(Pictures with short captions)
┄┄┄┄┄┄┄┄┄┄┄┄┄┄┄┄┄┄┄┄

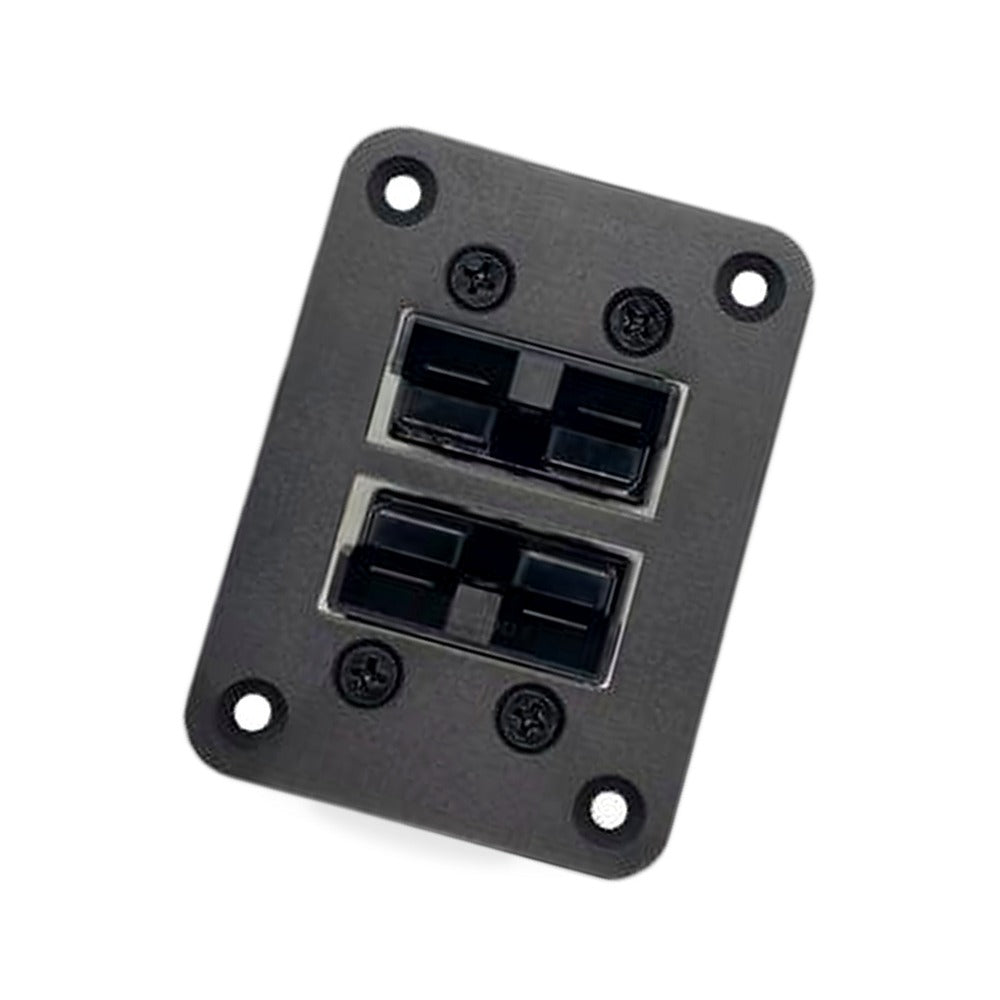 Dual Twin Aluminum Flush Mount Plate Suitable for Anderson Style Plug 50A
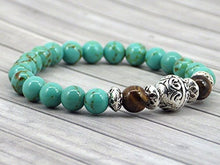Carica l&#39;immagine nel visualizzatore di Gallery, Bracciale per gli uomini in perle Turchese ricostituito e perla di occhio di... - Ilgrandebazar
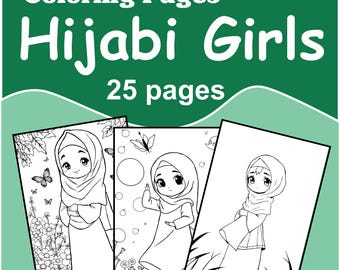 Little Hijabi Girls I libro da colorare per bambini I libro da colorare per adulti I libro da colorare pdf I libro da colorare digitale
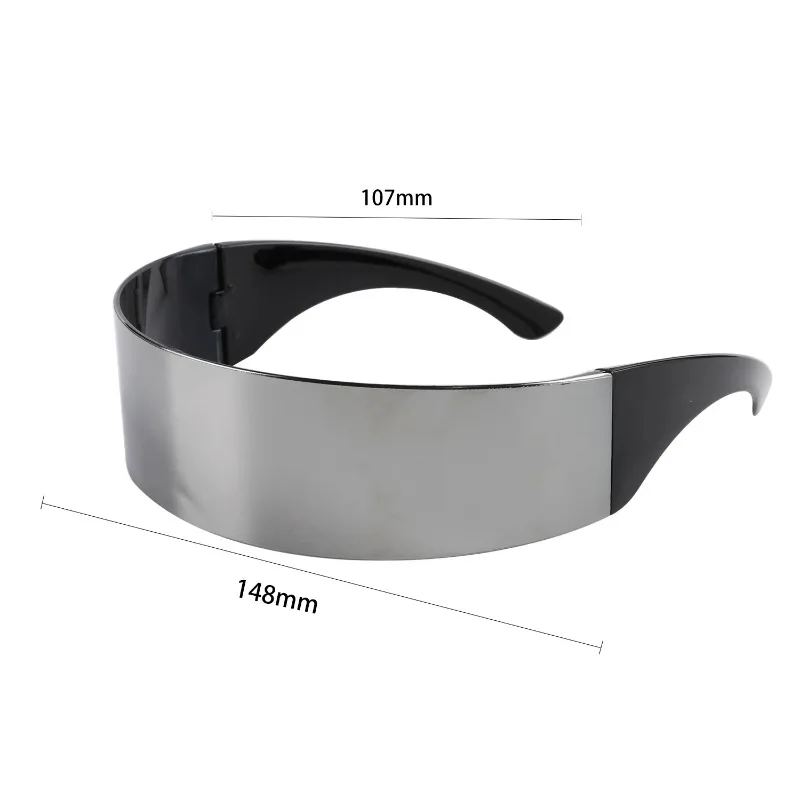 Y2K Futuristic Narrow Cyclops Visor Sunglasses Women Men Laser Sun Glasses UV400 Mirrored Lens Costume Party Eyewear view 6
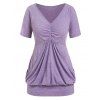 T-shirt Plissé de Grande Taille avec Poche Kangourou - Violet clair 3X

┄┄┄┄┄┄┄┄┄┄┄┄┄┄┄┄┄┄┄┄

ASSIGNED TASK
Restate the data above exactly, stripping out each image.

YOUR RESPONSE
 Dual Twin Aluminum Flush Mount Plate Suitable for Anderson Style Plug 50A
Carica l&#39;immagine nel visualizzatore di Gallery, Bracciale per gli uomini in perle Turchese ricostituito e perla di occhio di... - Ilgrandebazar
 Little Hijabi Girls I libro da colorare per bambini I libro da colorare per adulti I libro da colorare pdf I libro da colorare digitale
 Y2K Futuristic Narrow Cyclops Visor Sunglasses Women Men Laser Sun Glasses UV400 Mirrored Lens Costume Party Eyewear view 6
 T-shirt Plissé de Grande Taille avec Poche Kangourou - Violet clair 3X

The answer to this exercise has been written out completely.